:: Activity ::
Omit the images and output every line of the data below exactly.

:: Supplied data ::
*** Begin section ***
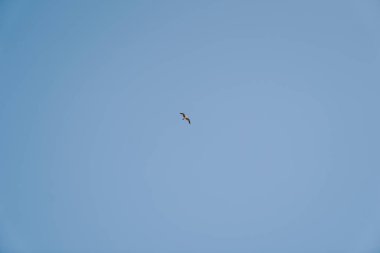 Mavi gökyüzünde uçan bir kuş.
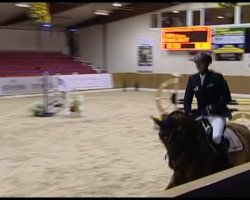 dressage horse Online (Oldenburg, 1993, from Oglio xx)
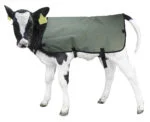 Voděodolná a prodyšná deka pro telata, privátní značka, 70 cm – Hofman Animal Care Calf Coat - Obrázek 4
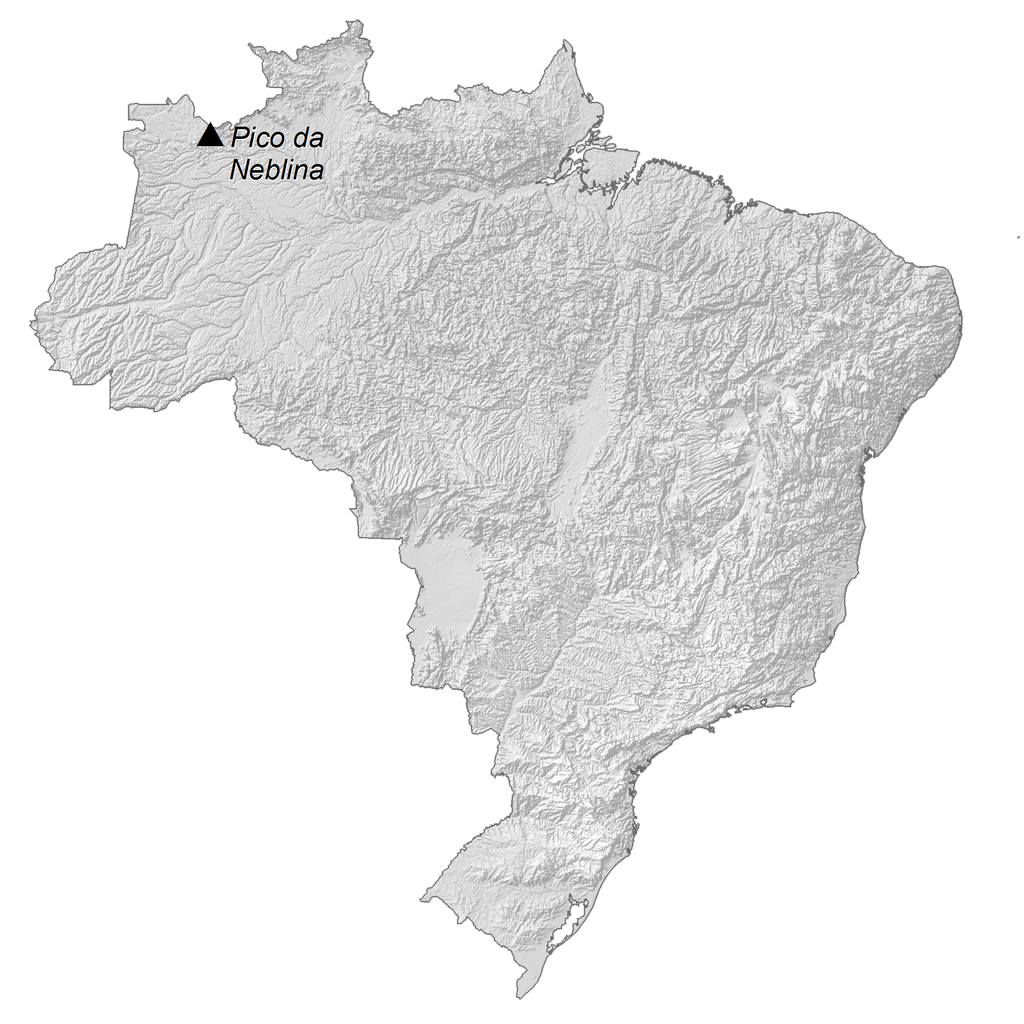 Bản đồ độ cao Brazil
*** End section ***
:: Solution to the problem ::
 Mavi gökyüzünde uçan bir kuş.
 dressage horse Online (Oldenburg, 1993, from Oglio xx)
 Voděodolná a prodyšná deka pro telata, privátní značka, 70 cm – Hofman Animal Care Calf Coat - Obrázek 4
 Bản đồ độ cao Brazil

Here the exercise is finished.